L'Afrique Réelle n°139 - Juillet 2021, par Bernard Lugan.
Sommaire
Actualité
Algérie : une polémique illustrant la fracture existentielle du pays
Dossier : Barkhane, une réussite militaire, un échec politique
- La question du Mali
- Les erreurs françaises
- Les deux guerres du Sahel
- L’embrasement du Burkina Faso
- Après avoir abandonné la Centrafrique, la France va-t-elle faire de même au Mali ?
La France en a l’habitude : ses Armées remportent des victoires que ses décideurs civils transforment systématiquement en défaites politiques. Ainsi en fut-il de l’Algérie, puis du Rwanda et aujourd'hui de la BSS où Emmanuel Macron a annoncé la fin de l’Opération Barkhane.
Depuis, la quasi-unanimité se fait dans les médias pour mettre en avant l’échec prétendu de cette opération militaire, ce qui est à la fois faux et mensonger.
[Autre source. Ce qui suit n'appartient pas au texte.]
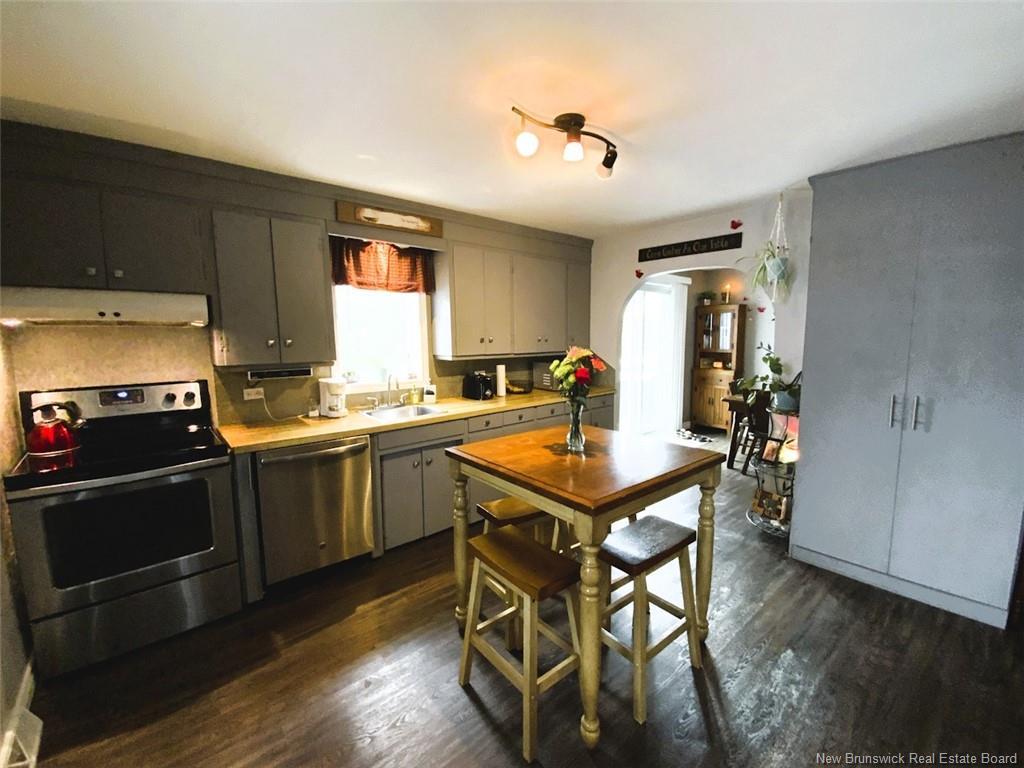 122 35E Ave, Edmundston, NB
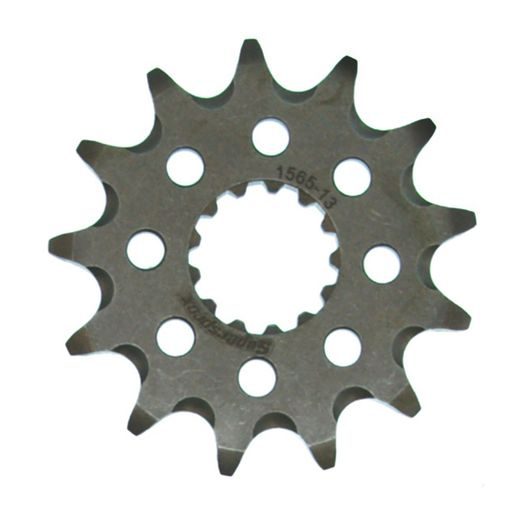 REŤAZOVÁ SADA EK - ZLATÝ CHAIN 520 MVXZ, X-RING (X, NX, QX, XS), CHK FRONT SPROCKET SUPERSPROX, CHK REAR SPROCKET SUPERSPROX PRE KAWASAKI KX 450 (F) 2006-2025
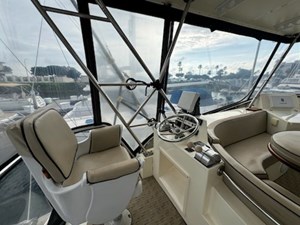 1999 Mikelson 50 Sportfisher 15 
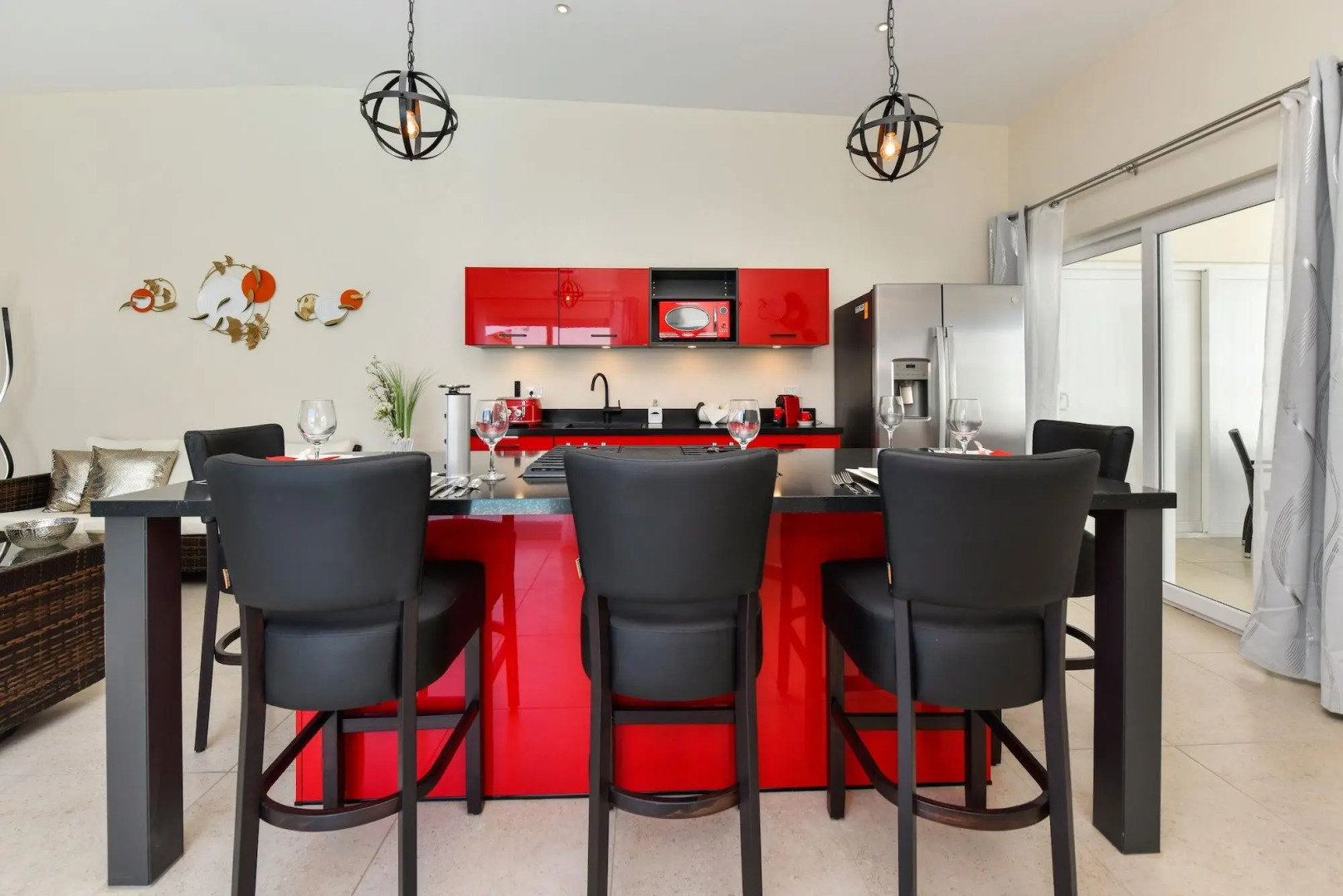 Photo - Boutique Hotel Swiss Paradise Aruba Villas and Suites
Dans une zone d’action vaste comme une partie de l’Europe dans laquelle ne furent au maximum déployés que moins de 5000 hommes à la fois, la moitié en protection d’emprises ou d’axes de communication, avec des moyens réduits et parfois même obsolètes, Barkhane n’avait pas pour mission d’apporter une solution à des problématiques ethno-raciales millénaires. Elle a en revanche parfaitement rempli la triple mission qui lui avait été ordonné de mener :
1) Perturber les mouvements terroristes, limiter leur liberté d’action, empêcher leur coagulation, éliminer leurs chefs. A cet égard, les résultats du GTD (Groupement tactique désert) Altor du 2e REP dans la région des « Trois frontières », loin des camps de base, furent remarquables.
2) Rendre la plus hermétique possible la frontière entre la Libye et le Niger, afin d’éviter le réensemencement du jihadisme sahélien à partir du foyer libyen.
3) Empêcher la reformation d’unités jihadistes constituées.
Assurer la paix n’était pas dans la mission de Barkhane. Etablir la sécurité passe en effet par la construction des Etats, des armées et des administrations, c’est-à-dire par la recolonisation… ce qui n’est pas exactement dans « l’air du temps »…
Au lieu de réfléchir à des solutions fondées sur le réel, les décideurs français n’ont eu qu’un seul remède à proposer, les élections. Or, ce système fondé sur le « one man, one vote » est d’abord une ethno-mathématique donnant automatiquement le pouvoir aux plus nombreux, en l’occurrence aux sédentaires Noirs sudistes, ce que les nomades ne peuvent accepter.
Une furieuse polémique sur fond de question kabyle a éclaté en Algérie. Noureddine Aït Hamouda, ancien député du parti berbère RCD (Rassemblement pour la Culture et la Démocratie) et fils du colonel Amirouche, chef emblématique du maquis kabyle de la willaya III, tué au combat le 29 mars 1959, a en effet qualifié de « traitres », entre autres, l’émir Abd el-Kader ainsi que les présidents Boumediene et Bouteflika.
En 2008, Nouredine Aït Hamouda avait déjà dénoncé les faux moujahidine légitimés par l’ONM (Office national des Moujahidine), 9/10e étant selon lui des imposteurs, ainsi que le chiffre de 1,5 million de morts causé par la guerre d’indépendance. Les œuvres vives du « Système » étant attaquées, sur plainte de l’ONM, Noureddine Aït Hamouda a été mis en prison.
Il va être de plus en plus difficile à un « Système » aux abois de cacher qu’il est l’héritier des auteurs du coup d’Etat qui, en 1962, renversa le GPRA (Gouvernement provisoire de la République algérienne), évinçant les combattants de l’intérieur essentiellement Berbères pour instaurer le régime arabo-musulman du FLN (voir à ce sujet mon livre Algérie, l’histoire à l’endroit.)